Stored data entries
....................

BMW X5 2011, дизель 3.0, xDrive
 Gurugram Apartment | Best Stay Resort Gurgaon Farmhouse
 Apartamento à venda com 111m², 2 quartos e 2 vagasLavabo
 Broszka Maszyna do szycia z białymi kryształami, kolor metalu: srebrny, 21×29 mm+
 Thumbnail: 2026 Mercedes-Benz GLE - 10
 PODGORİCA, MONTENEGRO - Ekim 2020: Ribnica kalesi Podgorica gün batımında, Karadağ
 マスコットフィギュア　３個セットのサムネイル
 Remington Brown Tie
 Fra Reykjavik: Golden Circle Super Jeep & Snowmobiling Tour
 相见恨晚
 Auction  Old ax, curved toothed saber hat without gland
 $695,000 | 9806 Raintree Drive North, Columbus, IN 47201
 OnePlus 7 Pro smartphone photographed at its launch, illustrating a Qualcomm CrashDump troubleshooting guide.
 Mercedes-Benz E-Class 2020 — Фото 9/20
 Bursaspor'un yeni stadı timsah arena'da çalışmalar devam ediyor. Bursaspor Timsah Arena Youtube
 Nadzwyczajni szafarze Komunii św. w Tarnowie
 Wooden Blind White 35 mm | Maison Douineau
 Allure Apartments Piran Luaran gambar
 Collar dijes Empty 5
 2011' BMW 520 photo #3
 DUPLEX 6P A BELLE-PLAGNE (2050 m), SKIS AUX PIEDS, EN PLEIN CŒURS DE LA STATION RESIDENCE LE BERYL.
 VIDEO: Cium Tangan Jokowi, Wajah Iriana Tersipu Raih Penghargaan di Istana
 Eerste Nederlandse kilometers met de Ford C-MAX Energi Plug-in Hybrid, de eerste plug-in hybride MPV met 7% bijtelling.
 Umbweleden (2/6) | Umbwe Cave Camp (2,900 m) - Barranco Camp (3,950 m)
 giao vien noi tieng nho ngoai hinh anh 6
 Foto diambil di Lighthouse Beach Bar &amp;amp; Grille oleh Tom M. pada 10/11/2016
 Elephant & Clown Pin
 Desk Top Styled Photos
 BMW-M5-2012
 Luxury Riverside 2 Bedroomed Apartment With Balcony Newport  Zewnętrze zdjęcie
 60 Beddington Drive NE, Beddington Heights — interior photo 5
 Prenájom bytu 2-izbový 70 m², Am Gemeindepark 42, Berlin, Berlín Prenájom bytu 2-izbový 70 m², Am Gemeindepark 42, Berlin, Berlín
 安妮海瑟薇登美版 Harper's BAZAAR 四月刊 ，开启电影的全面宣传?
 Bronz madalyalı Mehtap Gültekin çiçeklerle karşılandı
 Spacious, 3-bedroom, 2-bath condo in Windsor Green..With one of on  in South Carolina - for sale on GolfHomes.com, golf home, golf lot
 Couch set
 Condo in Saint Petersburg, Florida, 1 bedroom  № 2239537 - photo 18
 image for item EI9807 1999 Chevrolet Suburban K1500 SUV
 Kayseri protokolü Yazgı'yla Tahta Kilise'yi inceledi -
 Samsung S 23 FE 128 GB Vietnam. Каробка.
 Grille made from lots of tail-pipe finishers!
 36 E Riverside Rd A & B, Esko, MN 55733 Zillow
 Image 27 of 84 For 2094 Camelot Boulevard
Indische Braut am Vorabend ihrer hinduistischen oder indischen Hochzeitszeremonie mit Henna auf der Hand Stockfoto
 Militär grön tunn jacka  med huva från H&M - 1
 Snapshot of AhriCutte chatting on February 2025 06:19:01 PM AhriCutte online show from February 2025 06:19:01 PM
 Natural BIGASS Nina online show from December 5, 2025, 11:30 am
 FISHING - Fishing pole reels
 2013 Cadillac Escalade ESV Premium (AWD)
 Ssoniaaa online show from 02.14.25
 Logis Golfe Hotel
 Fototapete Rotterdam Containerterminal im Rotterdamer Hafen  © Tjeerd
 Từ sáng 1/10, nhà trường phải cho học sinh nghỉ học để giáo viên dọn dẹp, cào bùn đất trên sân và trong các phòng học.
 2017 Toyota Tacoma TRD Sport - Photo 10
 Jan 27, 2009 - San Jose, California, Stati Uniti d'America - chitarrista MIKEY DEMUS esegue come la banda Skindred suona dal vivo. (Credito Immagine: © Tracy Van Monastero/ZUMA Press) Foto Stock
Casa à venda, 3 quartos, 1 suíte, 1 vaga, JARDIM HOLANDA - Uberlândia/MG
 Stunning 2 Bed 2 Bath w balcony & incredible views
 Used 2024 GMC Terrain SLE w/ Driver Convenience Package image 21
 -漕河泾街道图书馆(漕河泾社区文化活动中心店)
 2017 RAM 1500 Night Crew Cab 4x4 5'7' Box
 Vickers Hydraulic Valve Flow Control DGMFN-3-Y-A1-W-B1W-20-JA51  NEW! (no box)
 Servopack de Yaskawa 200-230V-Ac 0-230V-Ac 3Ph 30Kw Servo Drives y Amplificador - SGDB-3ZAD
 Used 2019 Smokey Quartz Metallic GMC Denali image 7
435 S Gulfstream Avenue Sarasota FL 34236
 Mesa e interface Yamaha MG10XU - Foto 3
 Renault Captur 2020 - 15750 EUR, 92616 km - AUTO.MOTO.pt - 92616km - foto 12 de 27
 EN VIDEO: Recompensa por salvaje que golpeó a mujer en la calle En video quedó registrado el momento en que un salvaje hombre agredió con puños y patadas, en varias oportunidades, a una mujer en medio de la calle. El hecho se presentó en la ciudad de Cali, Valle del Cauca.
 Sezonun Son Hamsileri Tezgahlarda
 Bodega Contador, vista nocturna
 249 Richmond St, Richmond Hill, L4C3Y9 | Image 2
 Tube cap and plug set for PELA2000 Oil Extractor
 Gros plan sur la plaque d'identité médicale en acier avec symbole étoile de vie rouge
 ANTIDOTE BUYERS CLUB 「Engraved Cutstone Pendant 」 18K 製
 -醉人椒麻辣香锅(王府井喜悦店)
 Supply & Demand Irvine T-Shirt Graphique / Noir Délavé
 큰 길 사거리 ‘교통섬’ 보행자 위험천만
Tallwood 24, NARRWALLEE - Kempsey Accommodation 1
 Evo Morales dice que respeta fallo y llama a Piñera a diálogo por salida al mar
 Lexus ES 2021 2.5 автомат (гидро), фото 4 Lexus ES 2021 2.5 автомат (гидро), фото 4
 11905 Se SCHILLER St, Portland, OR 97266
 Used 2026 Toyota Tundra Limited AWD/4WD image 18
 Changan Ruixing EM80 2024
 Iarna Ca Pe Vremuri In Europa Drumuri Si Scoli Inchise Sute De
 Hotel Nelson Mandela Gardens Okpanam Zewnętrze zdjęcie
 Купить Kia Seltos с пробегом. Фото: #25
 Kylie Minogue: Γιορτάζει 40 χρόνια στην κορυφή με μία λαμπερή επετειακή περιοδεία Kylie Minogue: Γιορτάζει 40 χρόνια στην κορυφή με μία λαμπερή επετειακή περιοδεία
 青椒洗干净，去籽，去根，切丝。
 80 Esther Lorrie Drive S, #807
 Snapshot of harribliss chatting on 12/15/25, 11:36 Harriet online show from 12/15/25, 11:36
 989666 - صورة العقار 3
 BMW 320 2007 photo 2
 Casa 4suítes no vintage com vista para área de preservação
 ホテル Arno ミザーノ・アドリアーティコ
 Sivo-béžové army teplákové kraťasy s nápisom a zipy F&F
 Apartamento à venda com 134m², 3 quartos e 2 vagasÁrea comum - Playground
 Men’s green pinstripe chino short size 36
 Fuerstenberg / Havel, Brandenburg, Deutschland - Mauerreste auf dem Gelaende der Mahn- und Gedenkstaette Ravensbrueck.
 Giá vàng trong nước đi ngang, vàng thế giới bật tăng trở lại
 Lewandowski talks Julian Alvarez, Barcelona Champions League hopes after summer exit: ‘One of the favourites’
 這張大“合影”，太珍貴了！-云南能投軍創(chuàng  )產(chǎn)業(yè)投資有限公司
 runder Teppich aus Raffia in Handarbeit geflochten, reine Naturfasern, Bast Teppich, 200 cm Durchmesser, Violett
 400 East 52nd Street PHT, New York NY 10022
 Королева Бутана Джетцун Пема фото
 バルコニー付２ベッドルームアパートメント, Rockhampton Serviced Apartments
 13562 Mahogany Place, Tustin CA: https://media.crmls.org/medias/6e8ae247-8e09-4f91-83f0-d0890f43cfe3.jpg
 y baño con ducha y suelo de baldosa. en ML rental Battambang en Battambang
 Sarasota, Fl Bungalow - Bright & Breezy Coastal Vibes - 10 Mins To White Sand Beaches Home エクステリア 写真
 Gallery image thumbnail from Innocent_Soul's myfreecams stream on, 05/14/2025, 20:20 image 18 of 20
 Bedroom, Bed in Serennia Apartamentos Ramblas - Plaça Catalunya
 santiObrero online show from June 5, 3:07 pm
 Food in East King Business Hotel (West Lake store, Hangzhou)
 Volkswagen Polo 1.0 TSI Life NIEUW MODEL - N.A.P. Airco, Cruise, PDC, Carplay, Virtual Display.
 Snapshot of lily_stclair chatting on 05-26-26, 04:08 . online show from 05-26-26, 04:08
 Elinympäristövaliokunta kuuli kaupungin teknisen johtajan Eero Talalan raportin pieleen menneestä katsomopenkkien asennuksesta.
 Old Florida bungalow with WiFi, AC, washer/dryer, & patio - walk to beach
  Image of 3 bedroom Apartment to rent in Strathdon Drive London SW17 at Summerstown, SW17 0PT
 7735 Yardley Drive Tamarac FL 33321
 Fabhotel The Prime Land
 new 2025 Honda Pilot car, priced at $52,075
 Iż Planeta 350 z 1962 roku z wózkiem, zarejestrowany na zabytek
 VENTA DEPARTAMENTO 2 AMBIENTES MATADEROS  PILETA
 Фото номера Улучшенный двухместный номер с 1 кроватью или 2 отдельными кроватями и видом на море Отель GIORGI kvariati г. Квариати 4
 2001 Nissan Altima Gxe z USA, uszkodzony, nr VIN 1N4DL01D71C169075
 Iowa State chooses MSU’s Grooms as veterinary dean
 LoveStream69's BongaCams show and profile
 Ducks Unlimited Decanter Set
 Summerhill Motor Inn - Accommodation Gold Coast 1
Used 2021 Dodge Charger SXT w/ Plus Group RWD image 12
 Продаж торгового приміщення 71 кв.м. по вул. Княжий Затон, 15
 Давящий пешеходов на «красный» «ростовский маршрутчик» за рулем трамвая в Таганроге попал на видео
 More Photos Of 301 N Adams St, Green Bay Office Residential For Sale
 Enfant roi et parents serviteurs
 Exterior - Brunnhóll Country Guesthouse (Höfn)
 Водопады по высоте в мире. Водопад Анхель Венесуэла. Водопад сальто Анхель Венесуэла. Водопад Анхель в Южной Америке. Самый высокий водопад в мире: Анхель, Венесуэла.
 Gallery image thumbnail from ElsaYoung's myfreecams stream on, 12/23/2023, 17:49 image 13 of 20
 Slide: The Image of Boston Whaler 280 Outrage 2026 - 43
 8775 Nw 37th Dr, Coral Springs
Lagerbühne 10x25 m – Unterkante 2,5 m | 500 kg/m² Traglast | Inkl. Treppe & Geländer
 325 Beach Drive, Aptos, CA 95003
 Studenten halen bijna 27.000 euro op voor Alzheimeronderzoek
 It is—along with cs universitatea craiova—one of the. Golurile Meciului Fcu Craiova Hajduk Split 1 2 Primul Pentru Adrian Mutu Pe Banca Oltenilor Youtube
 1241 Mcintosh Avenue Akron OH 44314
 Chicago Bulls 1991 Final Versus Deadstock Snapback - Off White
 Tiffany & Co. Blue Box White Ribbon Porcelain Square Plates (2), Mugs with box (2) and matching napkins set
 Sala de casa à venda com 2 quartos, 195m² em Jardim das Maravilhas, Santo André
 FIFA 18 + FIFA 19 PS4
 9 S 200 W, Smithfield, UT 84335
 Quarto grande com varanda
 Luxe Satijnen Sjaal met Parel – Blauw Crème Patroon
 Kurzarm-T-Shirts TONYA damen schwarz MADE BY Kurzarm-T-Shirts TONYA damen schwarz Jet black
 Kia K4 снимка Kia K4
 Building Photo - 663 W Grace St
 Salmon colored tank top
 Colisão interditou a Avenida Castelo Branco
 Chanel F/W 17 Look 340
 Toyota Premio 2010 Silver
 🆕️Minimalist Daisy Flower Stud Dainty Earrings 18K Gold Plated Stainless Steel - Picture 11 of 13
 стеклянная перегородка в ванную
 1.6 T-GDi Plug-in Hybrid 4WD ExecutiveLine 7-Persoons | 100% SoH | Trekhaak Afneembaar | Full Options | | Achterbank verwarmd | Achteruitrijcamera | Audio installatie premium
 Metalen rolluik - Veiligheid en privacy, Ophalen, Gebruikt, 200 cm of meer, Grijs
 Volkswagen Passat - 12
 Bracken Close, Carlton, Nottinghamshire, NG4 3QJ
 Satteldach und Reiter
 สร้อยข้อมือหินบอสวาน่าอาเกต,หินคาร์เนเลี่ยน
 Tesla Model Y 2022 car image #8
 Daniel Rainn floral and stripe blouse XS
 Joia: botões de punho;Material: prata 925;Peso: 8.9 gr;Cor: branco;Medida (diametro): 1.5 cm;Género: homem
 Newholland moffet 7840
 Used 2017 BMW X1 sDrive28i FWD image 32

....................

AIM OF THE TASK: From the records above, give again exactly the lines running from the line with "runder Teppich aus" to the line with "Elinympäristövaliokunta kuuli kaupungin", inclusive.

SOLUTION FOR THIS EXERCISE:
 runder Teppich aus Raffia in Handarbeit geflochten, reine Naturfasern, Bast Teppich, 200 cm Durchmesser, Violett
 400 East 52nd Street PHT, New York NY 10022
 Королева Бутана Джетцун Пема фото
 バルコニー付２ベッドルームアパートメント, Rockhampton Serviced Apartments
 13562 Mahogany Place, Tustin CA: https://media.crmls.org/medias/6e8ae247-8e09-4f91-83f0-d0890f43cfe3.jpg
 y baño con ducha y suelo de baldosa. en ML rental Battambang en Battambang
 Sarasota, Fl Bungalow - Bright & Breezy Coastal Vibes - 10 Mins To White Sand Beaches Home エクステリア 写真
 Gallery image thumbnail from Innocent_Soul's myfreecams stream on, 05/14/2025, 20:20 image 18 of 20
 Bedroom, Bed in Serennia Apartamentos Ramblas - Plaça Catalunya
 santiObrero online show from June 5, 3:07 pm
 Food in East King Business Hotel (West Lake store, Hangzhou)
 Volkswagen Polo 1.0 TSI Life NIEUW MODEL - N.A.P. Airco, Cruise, PDC, Carplay, Virtual Display.
 Snapshot of lily_stclair chatting on 05-26-26, 04:08 . online show from 05-26-26, 04:08
 Elinympäristövaliokunta kuuli kaupungin teknisen johtajan Eero Talalan raportin pieleen menneestä katsomopenkkien asennuksesta.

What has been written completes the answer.